Чаще всего, однако, прибегают к гаданию. Родители призывают колдуна, знахаря или шамана, короче говоря, человека, признанного способным открывать мистические партиципации. На западном побережье Африки «покойники часто возвращаются на землю и снова рождаются в семье, к которой они принадлежали в предыдущем существовании. Мать всегда посылает за бабалово, чтобы тот сообщил ей, какому предку принадлежит дух, одушевляющий ее новорожденного ребенка: бабалово никогда не отказывается дать матери ответ. Когда этот важный момент установлен, бабалово указывает родителям, что ребенок во всех отношениях должен будет походить поведением и образом жизни на предка, который вновь оживет в нем. Если, как это часто бывает, родители захвачены врасплох (и ничего не знают о предке), то бабалово сообщает им необходимые сведения». В Новой Зеландии, «когда у ребенка отпадала пуповина, то его несли к жрецу… В ухо ему вкладывали конец вака пакодо ра кау (своего рода маленького идола, имевшего приблизительно 18 дюймов длины, походившего на колышек с резной головкой), для того чтобы в него могло проникнуть мана бога, и жрец произносил следующую формулу: „Жди того, что я произнесу твое имя. Как твое имя? Слушай свое имя. Вот твое имя“. После этого жрец читал длинный список имен предков: выбиралось то имя, при произнесении которого ребенок чихнул…». Точно так же у хондов «рождение празднуется на седьмой день после родов: для жреца и всего селения устраивается празднество. Для того чтобы определить, какое имя лучше всего дать ребенку, жрец опускает в сосуд, полный воды, зерна риса, называя при опускании каждого зерна какого-нибудь умершего предка.
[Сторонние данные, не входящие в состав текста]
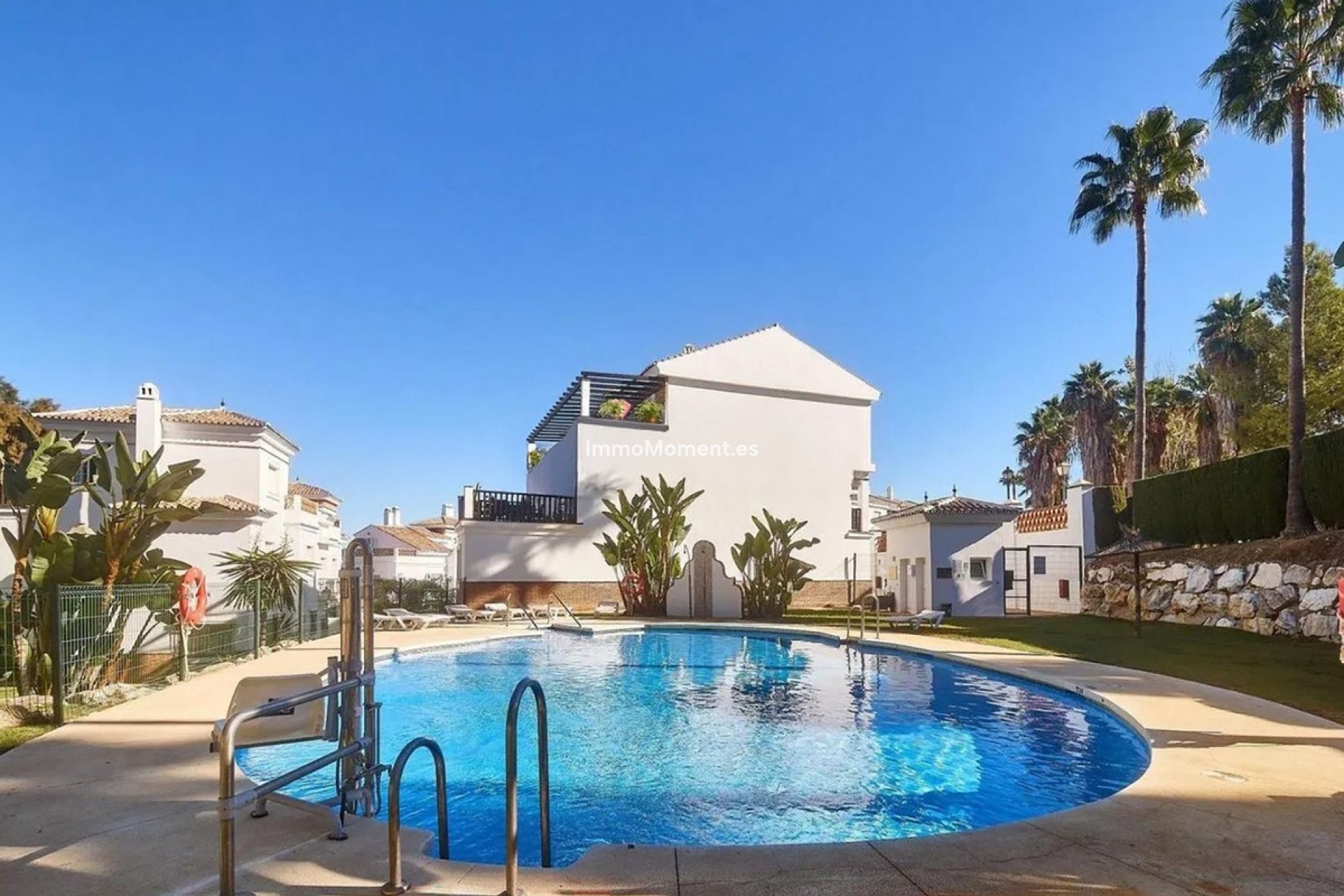 Bestaande woning - Rijtjeshuis - Binnenland  - Lauro Golf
По движениям зерен в воде и по наблюдениям, производимым над ребенком, жрец судит о том, какой из предков возродился в лице ребенка, и обычно, по крайней мере у племен Севера, ребенок получает имя этого предка».
Полученное имя не является ни единственным, ни наиболее важным из тех имен, которые будет носить человек. В множестве низших обществ мужчина на каждом этапе жизни получает новое имя, которое служит знаком, мистическим носителем новой, устанавливающейся для него сопричастности: он получает новое имя и во время посвящения, и при заключении брака, и при убийстве первого врага, скальпом которого завладел, при поимке определенной дичи, при вступлении в тайное общество, при получении высшей степени и т. д. Первое имя, которое дается человеку обычно через очень короткое время после рождения, становится, таким образом, просто своего рода записью его мистического гражданского состояния. Это лишь начало определенного, оформленного существования. Отныне человек имеет признанное место в родовой или общественной группе. Он представляет собой члена, который был в полной мере сопричастен данной группе в прошлом и имеет право в такой же мере быть ей сопричастным в будущем, когда пройдет через необходимые церемонии.